§ **PROBLEM STATEMENT**
Everything from the line with "Green Floral Print Tassel Tie Maternity Top" down to the line with "Relief sculptures in" below must be printed exactly, those two lines included. Exclude pictures.

§ **PROVIDED INFORMATION**
⟨
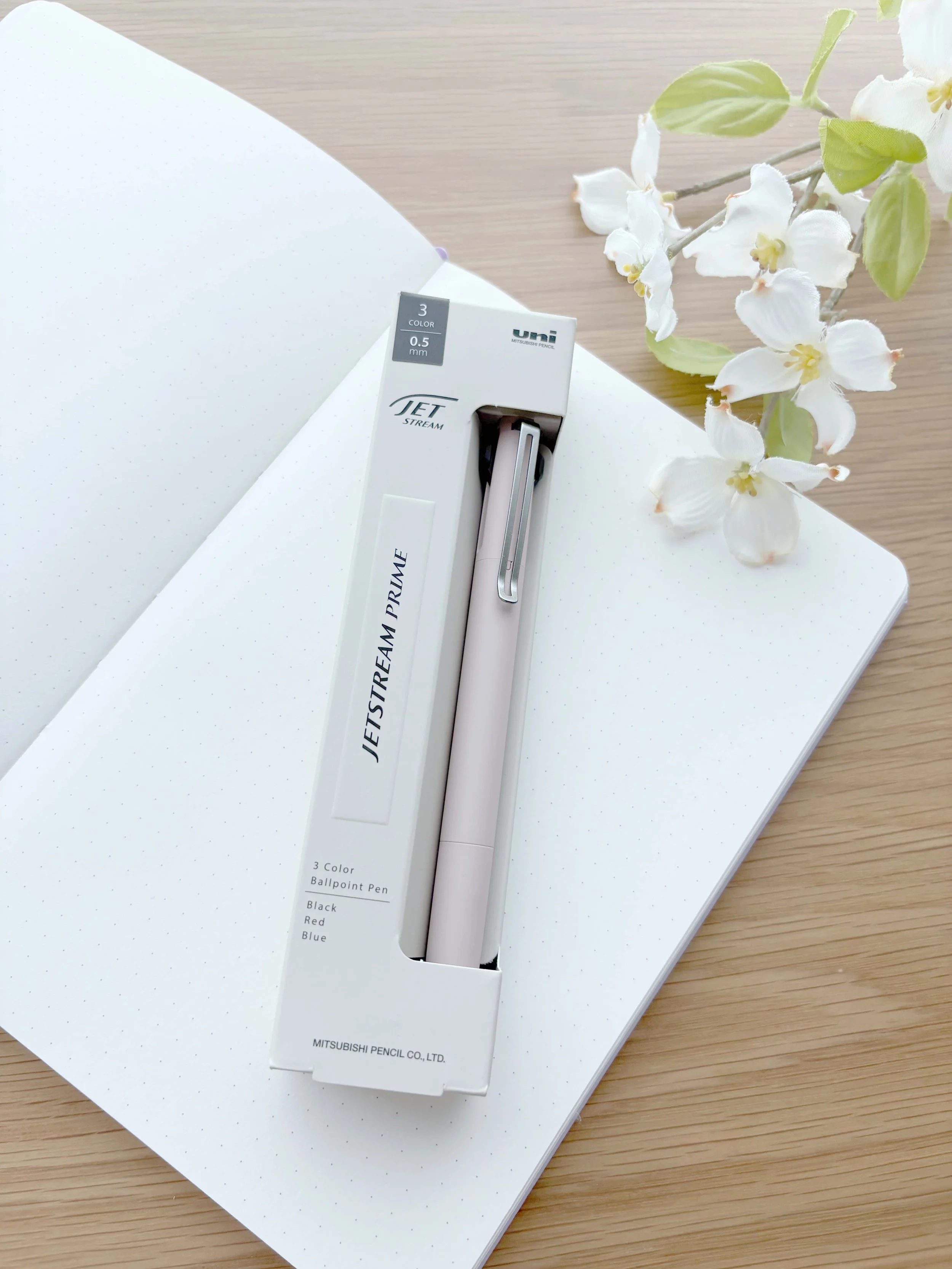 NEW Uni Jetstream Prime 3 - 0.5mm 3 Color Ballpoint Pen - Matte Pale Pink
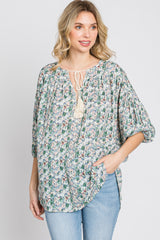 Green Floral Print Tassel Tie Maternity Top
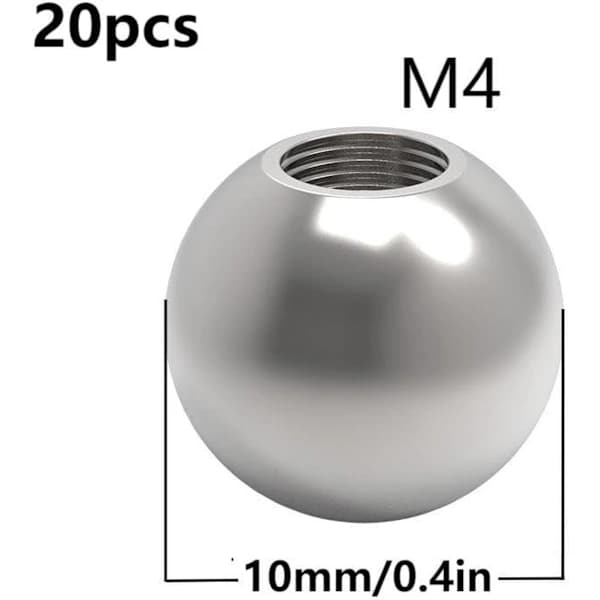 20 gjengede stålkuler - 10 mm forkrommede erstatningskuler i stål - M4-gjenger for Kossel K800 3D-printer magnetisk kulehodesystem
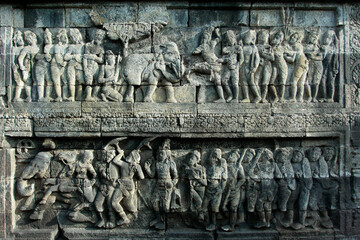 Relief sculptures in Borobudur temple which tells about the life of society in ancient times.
⟩
⟨
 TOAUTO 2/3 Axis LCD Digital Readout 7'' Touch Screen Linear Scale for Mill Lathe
⟩
§ **YOUR RESPONSE**
 Green Floral Print Tassel Tie Maternity Top
 20 gjengede stålkuler - 10 mm forkrommede erstatningskuler i stål - M4-gjenger for Kossel K800 3D-printer magnetisk kulehodesystem
 Relief sculptures in Borobudur temple which tells about the life of society in ancient times.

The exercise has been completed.